まずは香港のピークからの夜景観賞

まずは香港観光の定番である、ピークへ夕方にトラムで登ろうとしたら、ピークトラムの山麓駅は平日だというのに乗車待ちの人で長蛇の列でした。トラム乗車まで1時間待ちとのこと。近年、香港は中国等からの観光客が大幅に増加しているとは聞いていたが、その混雑ぶりに驚きました。

駅構内で乗車の順番を待っている間に日が暮れてしまい、大勢の人間がワーッと乗ったトラムが駅ビルを出た時には、車窓からの眺めは完全な夜でした。ピークトラム山頂駅に着いた後はビルの中をエスカレータで何階も登り、展望台へ行きました。そこからの眺めは「素晴らしい!」の一語に尽きます。ヴィクトリア港を挟んで、こちら香港島側と向こう九龍半島側の灯りが幾百幾千と光っていました。

香港チムトンのクリスマス・イルミネーション

 ピークからの夜景を堪能して車で山を下り、フェリーに乗ってヴィクトリア港を渡りました。九龍半島の海岸沿いのプロムナードを歩いて、今度は香港島側の夜景を向こうに眺めました。高層のオフィスビルや高台にあるマンションなどの光が上へ上へと連なっています。

プロムナードを歩いていくとチムトン地域に到着しました。ここはクリスマス・イルミネーションが有名なところで、例年11月末からイルミネーションが始まります。いくつもの大きなビルの壁面がLEDで飾られます。サンタクロース、雪の結晶、アヒルやイルカ、幾何学模様など、灯りでいろいろな絵が描かれています。屋外でも摂氏18度くらいの快適な温度であり、夜の散歩がとても楽しかったです。

マカオのセナド広場のクリスマス・イルミネーション

マカオへは香港から高速船で約1時間です。街の中心であるセナド広場の建物群は世界遺産になっています。この広場もクリスマスの飾り付けがなされていました。昼の間に主な教会や観光場所へ行き、夕方のイルミネーションの点灯を待ちました。

ところが現地時間で午後の5時半になっても、6時になっても辺りは黄昏程度であまり暗くならずイルミネーションが点きません。この時期、日本では夕方の5時半にはほとんど真っ暗になっているのにと不審に思いました。そして、マカオは標準時の子午線より西にあるのだと気が付きました。また、緯度的にも日本より南にあるから、冬場はマカオの方が夜の時間が短く、真っ暗になる時刻が遅いのだろうと思いました。

イルミネーションがなかなか点かないので、先に夕食をして、三度セナド広場に来ました。今度は、広場中央にサンタクロースの飾り付けが明るく輝いていました。周りの建物や道路の上には無数の白い灯りがキラキラしています。雪のイメージを表しているように思いました。

美味しかったマカオ料理、ポルトガル料理

マカオでは昼食にマカオ料理を、夕食にはポルトガル料理を食べました。マカオ料理とポルトガル料理は相互乗り入れしていて、あまり変わらないのではないかと思いますが、昼に食事をしたレストランはマカオ料理の店、夜に食事をしたところはポルトガル料理の店と銘打っていました。

昼に行ったレストランはホームページに中国語と英語のメニューが載っていたので、そのページをプリントして食べたいものにマーカーで色を塗っていき、それをオーダーしました。店のスタッフが、私のメニュー・プリント持参に興味を持ち、「注文が終了したら、そのマーカーで色の塗られたプリントを欲しい」と言ってきました。快諾して楽しく美味しい食事をしました。

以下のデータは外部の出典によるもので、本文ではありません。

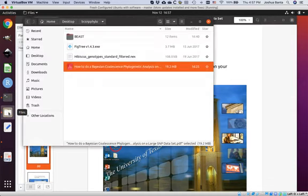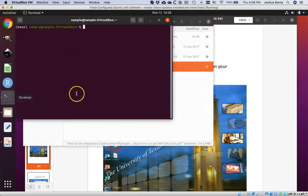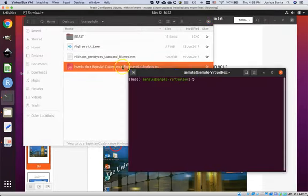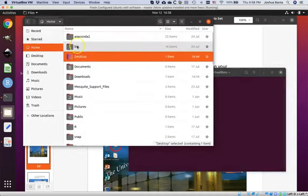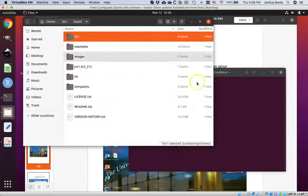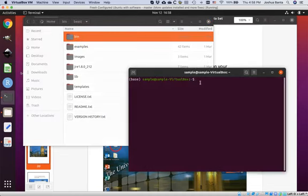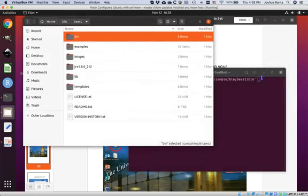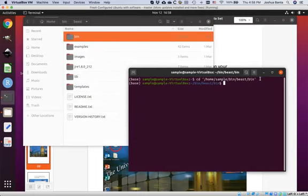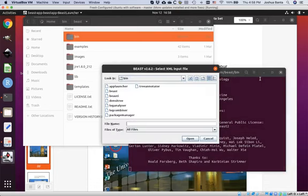Come back to file explorer and have that open, and come to the terminal window as well. Navigate in file explorer back to the home directory, then to the bin directory, then to the BEAST directory. Keep that highlighted. In the terminal, type 'cd space' and drag the bin folder within the BEAST folder to get the path. Hit enter. BEAST is also in this bin directory. To access it, type './BEAST' and hit enter. That opens up BEAST.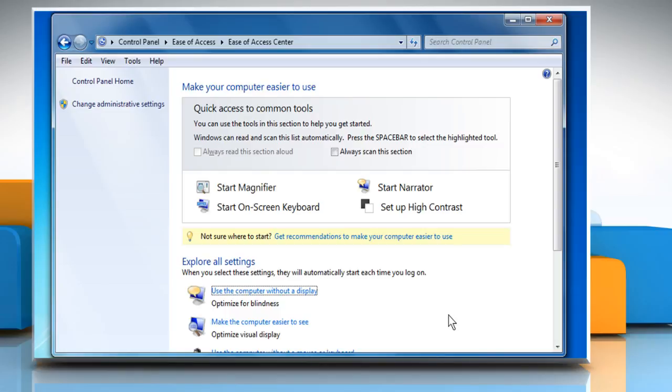If you want Narrator to give you some information about the currently selected item, hold CTRL and SHIFT keys and hit Enter on your keyboard. If you want Narrator to read the entire selected window, hold CTRL and SHIFT keys and hit the spacebar.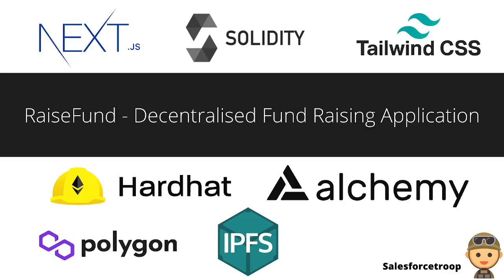Hi guys, welcome to Salesforce Troop. In this video I'll show you what I have built in the last couple of weeks. I was learning how to build a decentralized web application, or Web 3, and I've built a RaiseFund application—a completely decentralized fundraising application.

食べたもので印象に残ったものは、塩漬けタラのコロッケ、日本の焼き魚とほとんど同じのイワシの塩焼き、ご飯の中に細く切られた家鴨(あひる)の肉が入っているダックライス、そしてデザートのセラドゥーラでした。セラドゥーラは柔らかめのビスケット生地とアイスクリームが何層にも重ねられたもので、特に気に入りました。

夕食はポルトガル料理の店ですが、学生のように若いウェイターが嬉しそうに日本語で話しかけてきました。どこで日本語を習ったのですかと聞いたら、アニメの『ドラえもん』で勉強したとのことです。クール・ジャパンの力をマカオで実感しました。

ここで食べて記憶に残ったのは、車えびのニンニクバターソース、カレー味でスパイシーなアフリカンチキン、ポルトガル式の魚煮込み料理、デザートの超特大スフレでした。特に気に入ったのはアフリカンチキンでした。